How are you different from other digital insurers in the market?
We do not see ourselves as a digital insurer alone. Yes, we are a technology solution-oriented company but technology for us is only a means to an end and not the end in itself.
We were always confident about our mission, but we did not fathom that it would be so impactful for the consumer. To see the sweet spot between technologically advanced solutions and simple, intuitive solutions that people are comfortable with has been quite interesting. We have developed, succeeded, failed and improved our offerings. And given that all this happened in just one year is heartening. I am conscious that this is just the start and we have a long way to go.
The insurance landscape is evolving with insurers coming up with unique products. Where do you see Digit in this space?
From the relevance point of view, customizing products and giving modular offerings is the way to go. For example, our “screen damage only" insurance is one way of giving customers a modular mobile insurance product, which is also cost-effective.
From a cost point of view, short-term products are cost-effective. For example, our home protection is priced at ₹199 for a cover of ₹2 lakh for a week, which is affordable.
We also work with distribution partners who are primarily app-based. For example, we have over 200,000 customers through Cleartrip since October 2017 when we began our relationship.
The biggest difference we provide is using technology to simplify claims processes. There are no hard copies required and most of our claims processes are smartphone-enabled. This shortens the time for claim processing.
Digit’s travel insurance also covers certain high-risk activities such as adventure sports, which insurers either stay away from or offer at higher premiums. What made you explore this segment? Does this come at a higher cost?
Our philosophy is to make products we would like to buy for ourselves and our families. As soon as you start thinking this way, some exclusions become questionable. Adventure sports was one such area. We are competitive in terms of our costing, it is not sold as an add-on, it is just an inclusion.
Your holiday home protection policy is a short-term cover for the time when you’re away on a vacation. How will such a niche product work, given that people don’t typically buy home insurance?
Home protection is an under-penetrated category in India as we have an optimism bias that nothing wrong can happen to us. The only thing we worry about is home contents when we are travelling. This is for people who travel frequently and are worried about leaving their home unprotected. We have soft-launched this product on our website and the pick-up has been slow as it is a pull product and people are not used to the idea, but we feel it’ll pick up with more awareness.
For car and mobile insurance, you offer cash for repairs if a policyholder self-inspects and sends pictures of the damage. Doesn’t this leave gaps for malpractice?
We believe that 95% of people are genuine when it comes to claims and we didn’t want to make the processes for the 5% bad eggs. So, with firm trust in customers, we launched this product. Seven out of 10 people opt for it which means people see value in it.
What are the challenges that come with running digital insurance?

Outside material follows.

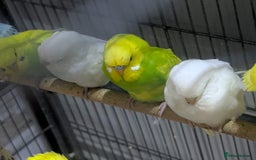 Budgerigars birds for sale: Albino Budgies White and Yellow Colours - Image 9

India is at a cusp right now. While there is a digital explosion, processes could be made simpler if we had access to essential customer databases of RTOs (regional transport offices) or FIRs (first information reports) etc. The challenge is in our ability to simplify and find new ways of designing customer journeys.
We are partnering with the right avenues to get this data to develop tech solutions to fill in the gaps and remove system redundancies.

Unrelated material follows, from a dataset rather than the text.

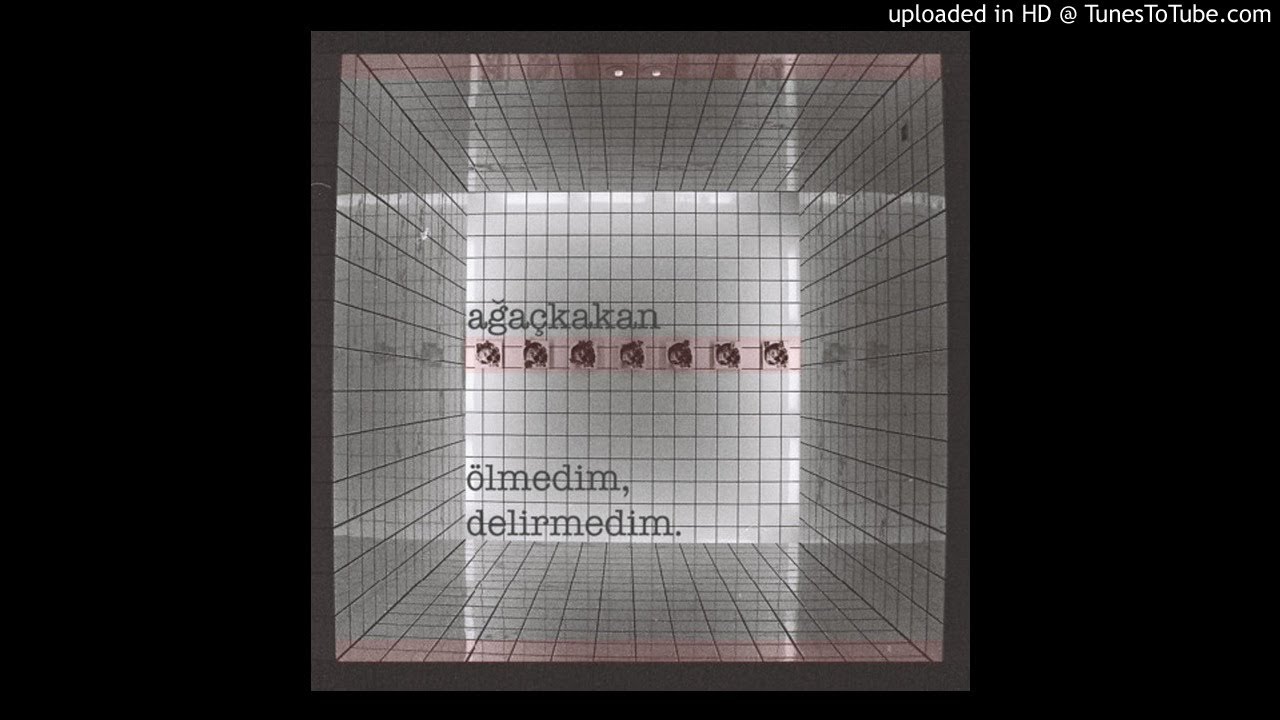 ağaçkakan - ölmedim, delirmedim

Do you plan to introduce more products in future?
We will be launching health insurance this year which should be a big expansion for us. The principles on which we build our other products and processes will apply to health as well. Also, we will see more institutional partnerships and more strategic partners. Right now, we have 20 institutional partners and about 1,500 strategic partners. We are expanding the number of locations where we are doing business. We will also work on more technology solutions to change the current buying and claim experience.
Will the rise in the number of insurance distributors and aggregators lead to higher penetration, especially in tier II and tier III cities?

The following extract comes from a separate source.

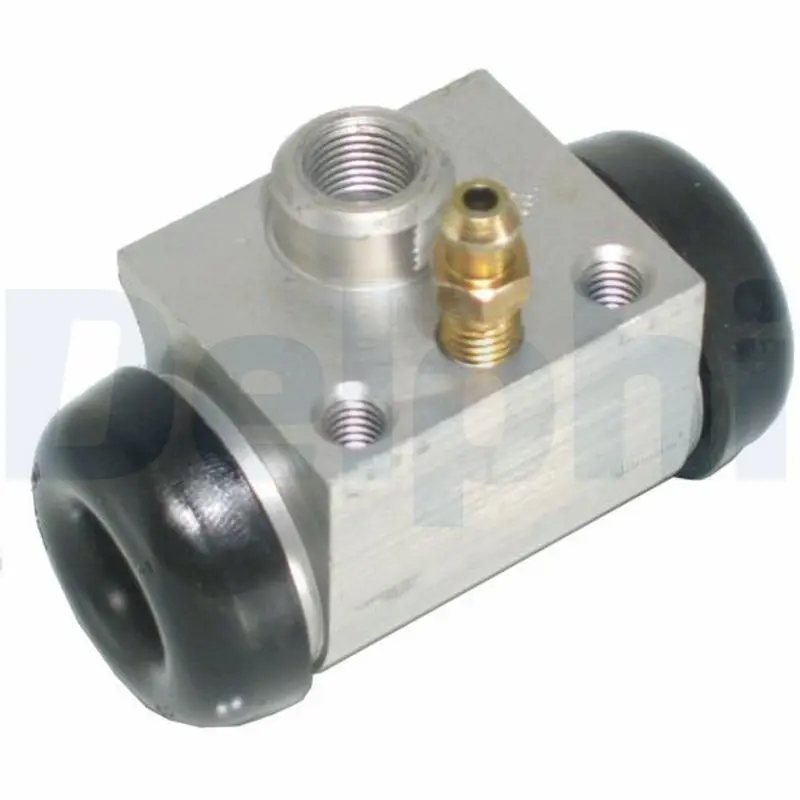 DELPHI LW10101 Цилиндр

There is democratisation of access due to smartphone and internet penetration which goes beyond geographies. This affects many industries, including ours. If someone is buying a mobile phone online, they will also have the inclination to buy insurance right there. Which is why, we feel such products will capture the interest of millennials. And when they come to the point of decision related to other categories, they would know the value of insurance.